DVD review: Knives Out kills it -- in two different ways

Who killed Harlan Thrombey? Better yet, who killed it on the state of politics today, especially in its hypocrisy, by gently skewering all sides? If you missed the star-studded whodunit Knives Out when it played in theaters last fall, you now have a chance to catch up to what you missed. Unless you pay close attention to detail in this often hilarious and always intriguing murder mystery, you’ll miss out on even more.

Thrombey (Christopher Plummer) is a titan of murder mysteries, the head of an $80 million publishing empire, when he is found dead in his neo-Gothic mansion by the housekeeper. Did he commit suicide, or did someone at his 85th birthday party bump him off? Legendary private investigator Benoit Blanc (Daniel Craig, joyfully employing a Southern accent) reopens the case with the local police on behalf of a client … whose identity is a mystery to him. Was it a member of the family, or was it one of the “help,” as the family members occasionally call them?

Rarely does a whodunit succeed while having such obvious fun with itself. The genre tends to indulge in dramatics more than comedy; the Kenneth Branagh version of Murder on the Orient Express is an excellent film but an apt demonstration of this fact. The cast of Knives Out has more fun with this material, as does writer/director Rian Johnson (Looper, The Last Jedi), but with the proper balance. The mystery itself is taken seriously, but the characters’ eccentricities and hypocrisies provide plenty of laughs along the way. At times, it almost appears that Johnson has left the mystery behind, but then a new twist puts it back front and center.

Without giving too much away, suffice it to say that the big reveal has one of the most, er, unique resolutions in whodunit films. The final shot is an exquisite bookend to the beginning of the film as well, providing a last laugh — on pretty much everyone, as it turns out.

Despite having so many notable stars in the cast, they work very well together as an ensemble. It’s tough to pick out one particular performance over another, but Ana de Armas (Blade Runner 2049) delivers on the critical performance of Marta Cabrera, and Chris Evans turns a black-sheep role into something more nuanced. Everyone’s worth watching, including Jamie Lee Curtis, Michael Shannon, Don Johnson, and Toni Collette. Riki Lindholme doesn’t get much to do but makes the most of it.

Knives Out works splendidly on just the whodunit level, but its commentary on politics is worth noting too.
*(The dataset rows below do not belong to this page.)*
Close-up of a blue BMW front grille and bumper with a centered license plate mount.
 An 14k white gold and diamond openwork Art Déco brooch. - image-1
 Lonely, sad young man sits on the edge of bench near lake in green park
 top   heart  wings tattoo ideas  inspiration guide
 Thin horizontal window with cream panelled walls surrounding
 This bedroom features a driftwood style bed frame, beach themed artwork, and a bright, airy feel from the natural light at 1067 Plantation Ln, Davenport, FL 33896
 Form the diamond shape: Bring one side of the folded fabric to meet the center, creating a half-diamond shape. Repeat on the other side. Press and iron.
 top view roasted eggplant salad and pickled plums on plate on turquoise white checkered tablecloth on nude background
Since that discussion might have to include some mild spoilers, we’ll put it after the rating and the trailer.

Using the Hot Air scale for films already on home theater platforms, Knives Out gets a 4:

  • 4 – Buy the Blu-Ray/DVD
  • 3 – Worth a rental price or pay-per-view
  • 2 – Wait for it to come on a TV channel you already get
  • 1 – Avoid at all costs

Knives Out is rated PG-13 for language and some blood, but the mild violence isn’t worrisome enough to exclude teenagers or perhaps even a mature adolescent. Younger viewers might not catch all the nuances, but it’s entertaining enough to keep their attention regardless.

And now, for the slight-spoiler discussion of the film’s treatment of politics. Scroll past the trailer … if you dare!

Some mild spoilers follow (you’ve been warned!).

Normally, conservative moviegoers get uneasy when any political debate erupts in a film, and when the family members fight over Donald Trump and immigration, the shields came fully up for me. I worried that I’d bought a film that would — like many other Hollywood films these days — end up lecturing me and acting as a didactic for Tinseltown’s progressive politics. This time, however, I ended up pleasantly surprised by Johnson’s willingness to skewer all sides of a debate.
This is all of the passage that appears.